Problem to work on:
Reply with one number, the count of lines below that contain the string "High".

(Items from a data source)
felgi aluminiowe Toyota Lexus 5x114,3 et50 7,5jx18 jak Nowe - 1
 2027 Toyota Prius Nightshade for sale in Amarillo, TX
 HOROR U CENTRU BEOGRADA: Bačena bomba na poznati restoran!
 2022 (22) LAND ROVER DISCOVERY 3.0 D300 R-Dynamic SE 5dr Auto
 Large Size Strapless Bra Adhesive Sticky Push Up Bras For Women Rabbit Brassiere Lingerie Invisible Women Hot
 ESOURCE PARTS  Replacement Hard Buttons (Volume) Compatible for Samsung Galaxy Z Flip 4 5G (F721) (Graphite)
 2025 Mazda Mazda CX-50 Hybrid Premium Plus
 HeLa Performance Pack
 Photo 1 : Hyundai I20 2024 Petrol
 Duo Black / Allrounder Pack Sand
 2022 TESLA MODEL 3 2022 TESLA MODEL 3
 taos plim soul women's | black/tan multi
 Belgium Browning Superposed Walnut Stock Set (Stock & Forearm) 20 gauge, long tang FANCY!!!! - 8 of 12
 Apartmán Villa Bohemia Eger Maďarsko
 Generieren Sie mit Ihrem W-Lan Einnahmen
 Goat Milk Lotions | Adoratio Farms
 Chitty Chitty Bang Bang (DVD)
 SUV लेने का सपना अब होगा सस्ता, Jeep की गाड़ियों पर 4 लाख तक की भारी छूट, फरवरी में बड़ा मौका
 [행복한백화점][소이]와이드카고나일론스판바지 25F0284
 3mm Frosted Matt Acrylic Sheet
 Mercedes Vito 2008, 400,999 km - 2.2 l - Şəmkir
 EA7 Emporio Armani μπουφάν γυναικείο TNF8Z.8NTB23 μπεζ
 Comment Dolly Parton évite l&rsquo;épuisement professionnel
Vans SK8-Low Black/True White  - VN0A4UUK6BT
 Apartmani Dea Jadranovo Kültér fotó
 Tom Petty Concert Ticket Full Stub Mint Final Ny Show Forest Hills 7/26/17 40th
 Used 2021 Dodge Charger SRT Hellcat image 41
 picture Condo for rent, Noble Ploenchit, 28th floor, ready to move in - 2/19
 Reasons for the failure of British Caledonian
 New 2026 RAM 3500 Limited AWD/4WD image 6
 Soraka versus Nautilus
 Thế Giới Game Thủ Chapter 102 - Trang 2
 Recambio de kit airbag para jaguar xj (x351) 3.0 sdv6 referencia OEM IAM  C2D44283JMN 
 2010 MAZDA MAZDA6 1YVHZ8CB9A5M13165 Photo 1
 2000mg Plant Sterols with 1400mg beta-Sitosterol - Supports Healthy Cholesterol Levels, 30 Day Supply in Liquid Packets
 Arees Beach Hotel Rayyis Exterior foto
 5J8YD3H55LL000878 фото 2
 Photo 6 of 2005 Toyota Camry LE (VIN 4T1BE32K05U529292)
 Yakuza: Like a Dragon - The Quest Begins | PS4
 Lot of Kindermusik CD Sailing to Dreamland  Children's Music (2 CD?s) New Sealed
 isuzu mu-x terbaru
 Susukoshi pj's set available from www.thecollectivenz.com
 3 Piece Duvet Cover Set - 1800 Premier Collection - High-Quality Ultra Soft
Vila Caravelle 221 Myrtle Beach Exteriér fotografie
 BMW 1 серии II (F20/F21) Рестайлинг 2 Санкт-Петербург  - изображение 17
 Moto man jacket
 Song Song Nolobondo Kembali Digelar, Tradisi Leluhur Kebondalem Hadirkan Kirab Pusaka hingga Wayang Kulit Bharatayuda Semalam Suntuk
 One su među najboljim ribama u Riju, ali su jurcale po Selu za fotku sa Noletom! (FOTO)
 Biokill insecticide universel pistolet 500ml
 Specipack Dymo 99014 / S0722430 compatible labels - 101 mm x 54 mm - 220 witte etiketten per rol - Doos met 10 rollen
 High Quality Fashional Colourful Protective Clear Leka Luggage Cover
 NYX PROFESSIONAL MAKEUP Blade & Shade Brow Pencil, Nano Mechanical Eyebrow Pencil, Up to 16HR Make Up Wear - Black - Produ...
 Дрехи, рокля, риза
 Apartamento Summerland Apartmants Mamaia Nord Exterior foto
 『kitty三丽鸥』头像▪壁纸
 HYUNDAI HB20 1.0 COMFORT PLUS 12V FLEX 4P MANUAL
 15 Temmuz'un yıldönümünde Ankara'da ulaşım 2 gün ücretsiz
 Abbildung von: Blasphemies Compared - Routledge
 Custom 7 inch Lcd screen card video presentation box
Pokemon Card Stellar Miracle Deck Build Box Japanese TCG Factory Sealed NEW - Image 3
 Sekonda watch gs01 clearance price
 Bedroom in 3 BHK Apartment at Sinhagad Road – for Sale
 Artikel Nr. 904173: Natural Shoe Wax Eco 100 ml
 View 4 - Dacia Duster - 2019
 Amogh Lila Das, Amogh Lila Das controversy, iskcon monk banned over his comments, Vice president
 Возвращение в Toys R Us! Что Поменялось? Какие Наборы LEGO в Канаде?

Answer to this problem:
2